The State of Indiana realizes that anyone may develop a chronic illness that affects an individual's ability to work. If this happens to you, the Family and Social Services Administration is ready to provide the tools such individuals need. The state legislature developed the following safety net programs for people who do not qualify for unemployment, TANF, or other safety nets . The following document provides the resources that Hoosiers disabled by chronic illness need to continue living. Indiana residents can choose from one of three options: mooching off of friends or relatives, living on the streets and begging, or becoming a meth dealer.

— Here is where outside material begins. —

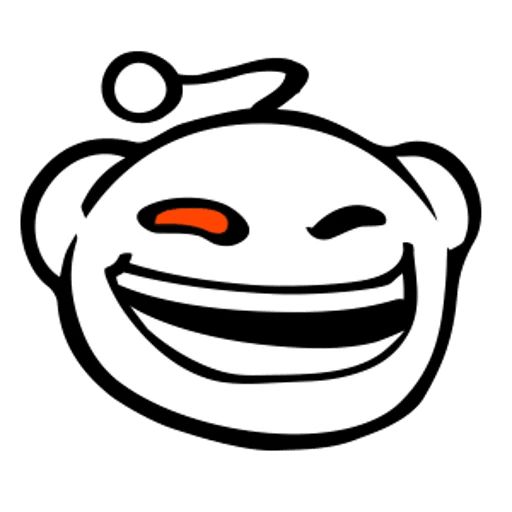 Sticker “Reddit-12”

Mooching Off of Friends or Relatives
If you have friends or relatives willing to take you in, the Family and Social Services Administration recommends this option. Mooching off of friends or relatives places no additional burden on the taxpayers, does not increase the rate of homelessness in the state’s urban areas, and does not violate Indiana code. We recommend that you have rich relatives or a large family to support you for an indeterminate amount of time. Having a large family increases the chances that you will survive until social security disability payments start. After alienating a relative or friend, you can move on to the next one.
Living On the Streets and Begging
This may seem like a drastic option, but it provides benefits that mooching off of friends or relatives does not. Many faith-based programs are available to help homeless adults who are not Lesbian, Gay, Bisexual or Transgender. Churches and soup kitchens provide meals to people without permanent residences, and clothing drives help keep people warm during the colder months. Occasionally, local police officers will help homeless individuals with a place to stay that provides free meals and medical care. Many local ordinances prohibit panhandling, but individuals who can make legible signs can support themselves if they do well. Shelters exist to take in non-LGBT homeless adults during the harsh Midwestern winter nights.
LGBT Adults should consider changing their sinful life-style if they wish to be worthy of receiving these benefits.
Becoming a Meth Dealer
Technically, this violates federal and state laws. The Indiana Family and Social Services Administration recommends not getting caught. Getting caught dealing drugs results in a lengthy prison sentence, but being sent to prison can be beneficial for unemployed individuals. While in prison, you do not need to worry about food, housing, or medical care in many circumstances. (Some people might fall through the cracks if the guards believe you are too disabled, a member of a minority, severely mentally ill, or simply faking an illness.) You will meet meet interesting people during your prison sentence. If you manage not to get caught, you have a career that can provide you with a great deal of wealth while helping to reduce the surplus population. You are also contributing to one of the state's largest industries.
The State of Indiana wants to make sure all Hoosiers succeed, and it has provided this pamphlet to you free of charge. Good luck in your future endeavors.